[Extracted records]
++++++

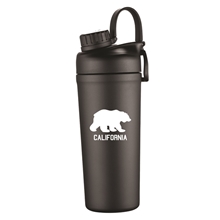 aerial view a black 26 oz double wall stainless steel vacuum ice shaker, image 1 of 3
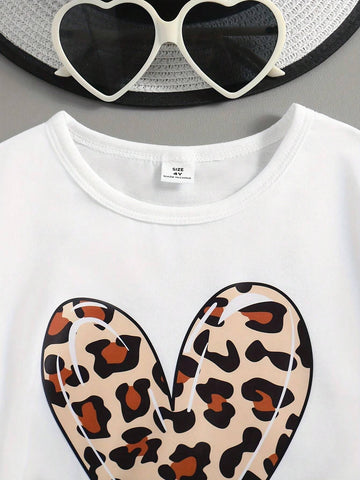 2pcs Girls' Summer Fashionable Outdoor Casual Leopard Print Heart & Letter Printed Short Sleeve T-Shirt, Round Neck Summer Clothes, Comfortable And Breathable For Kids Summer Vacation
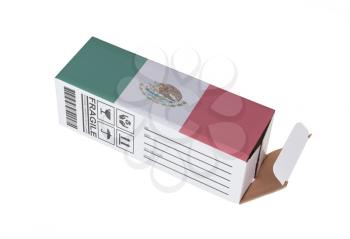 Concept of export, opened paper box - Product of Mexico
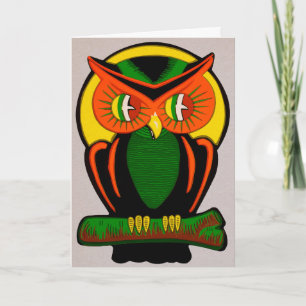 Retro Owl Halloween Kaart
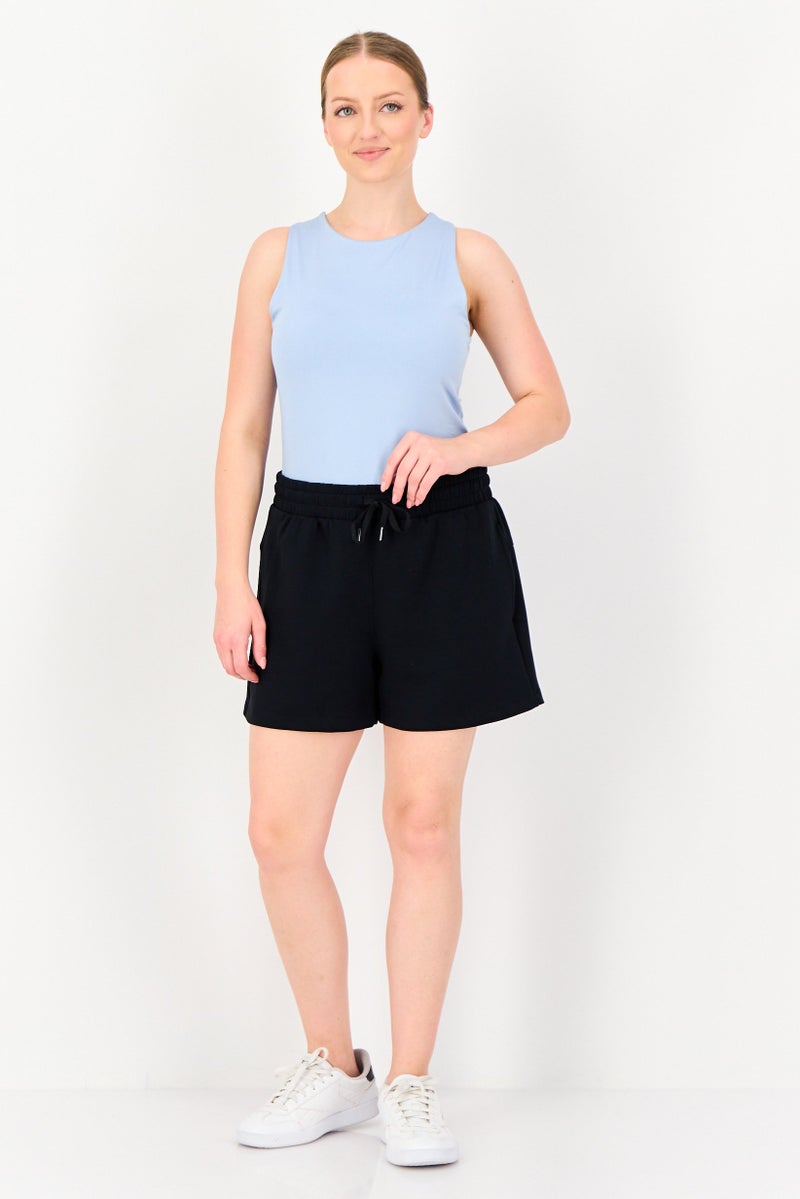 Member's Mark Women Regular Fit Drawstring Plain Shorts, Black - Image 4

++++++

Output every record exactly, minus the pictures.

 aerial view a black 26 oz double wall stainless steel vacuum ice shaker, image 1 of 3
 2pcs Girls' Summer Fashionable Outdoor Casual Leopard Print Heart & Letter Printed Short Sleeve T-Shirt, Round Neck Summer Clothes, Comfortable And Breathable For Kids Summer Vacation
 Concept of export, opened paper box - Product of Mexico
 Retro Owl Halloween Kaart
 Member's Mark Women Regular Fit Drawstring Plain Shorts, Black - Image 4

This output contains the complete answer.